興福寺の仏像は元々境内にある「国宝館」に収蔵されていたのですが、国宝館の耐震改修工事により「仮講堂(通常非公開・1975年に旧薬師寺金堂を移建)」に展示されるのが今回の阿修羅展になります。
仏像は来年からも国宝館で拝観することは可能ではありますが、興福寺の案内文にある『西金堂内陣の宗教空間イメージを視覚化するもので「天平の文化空間の再構築」をする』という試みに大変魅力を感じてしまいます。

 

 

興福寺は南都六宗(三論宗・成実宗・倶舎宗・華厳宗・律宗)の一つになる法相宗の大本山で、後世の仏教のような民衆への布教ではなく学問研究を重視した国家宗教だったとされます。
寺院の創建は669年に藤原鎌足が造立した釈迦三尊像を安置するために夫人の鏡女王が京都山科に建てた「山科寺」が始りとされ、710年の平城京遷都により現在地に移って「興福寺」となったと伝えられています。

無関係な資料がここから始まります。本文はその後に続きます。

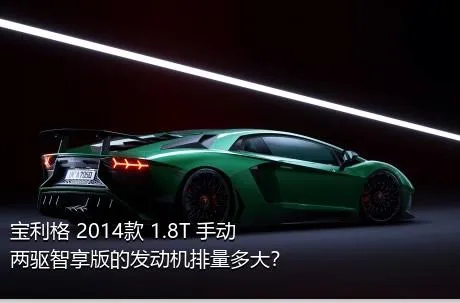 宝利格 2014款 1.8T 手动两驱智享版的发动机排量多大？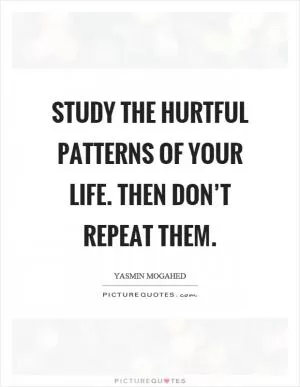 Study the hurtful patterns of your life. Then don’t repeat them Picture Quote #1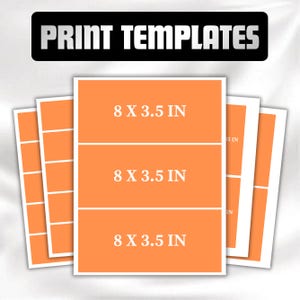 May include: Print templates with orange sections, each measuring 8 x 3.5 inches, are displayed. The text "PRINT TEMPLATES" is at the top in a black rectangle. The design is suitable for various printing needs.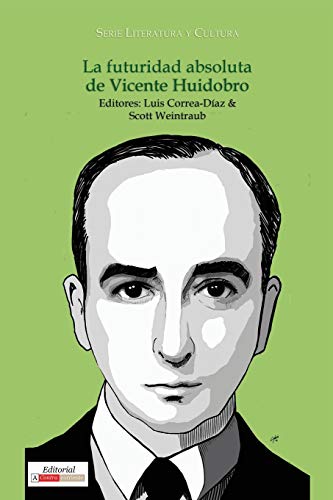 La futuridad absoluta de Vicente Huidobro (Literatura y cultura)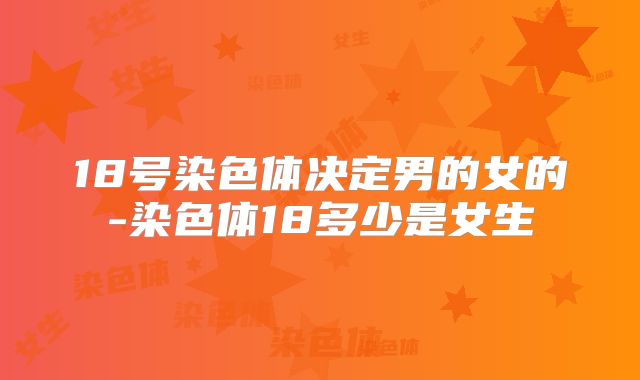 18号染色体决定男的女的-染色体18多少是女生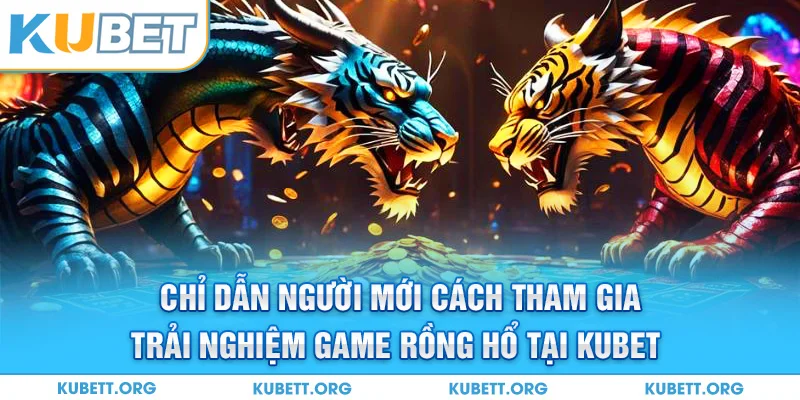 Chỉ dẫn cụ thể cho newbie cách tham gia trải nghiệm game Rồng Hổ tại Kubet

興福寺として創建後は天皇や皇后、藤原氏によって次々に堂塔が建てられ、平安時代になると春日社(春日大社)の実権をもち、江戸時代まで保護されてきたとされています。
しかし明治の神仏分離令・廃仏毀釈・社寺上地命により荒廃して、一時は廃寺同然となったともいわれます。
その後、復興を果たして世界遺産「古都奈良の文化財」の資産として登録をされていますが、日本にとって神仏分離令・廃仏毀釈とは一体何だったのか?との疑問は拭えません。

仮講堂では中央に「阿弥陀如来坐像(像高225.7cm・鎌倉初期・重文)」。
御本尊の両サイドには「帝釈天像(鎌倉時代・重文)」「梵天像(同)」の脇侍が祀られ、横に並ぶのは「十大弟子像(奈良時代・国宝・現存するのは6躰のみ)」と八部衆像(奈良時代・国宝)。
左右の端には「阿形と吽形の金剛力士像(鎌倉時代・国宝)」が布陣されています。



像高153cmの阿修羅像は中央やや左に安置されていますが、入口から入ってすぐに目に付いた時は何とも嬉しい気持ちになります。映像等では見てはいても、直接目の前で拝観するとやはり感慨深いものがありますね。
鎌倉期の仏像が多いのは度重なる火災によって焼失した仏像を鎌倉時代に復興したからということでしたが、須弥壇に奈良仏と鎌倉仏が並ぶ姿には仏像制作の変遷の歴史を感じてしまいます。



五重塔(国宝)は高さ50.1mの大きくて力強さを感じる塔で、高さは東寺の五重塔に続く日本で2番目に高い塔だそうです。
この塔は730年、興福寺の創建者 藤原不比等の娘 光明皇后が建立したとされ、その後5回の被災・焼失を繰り返し、1426年に再建されたものが現在残る塔といわれています。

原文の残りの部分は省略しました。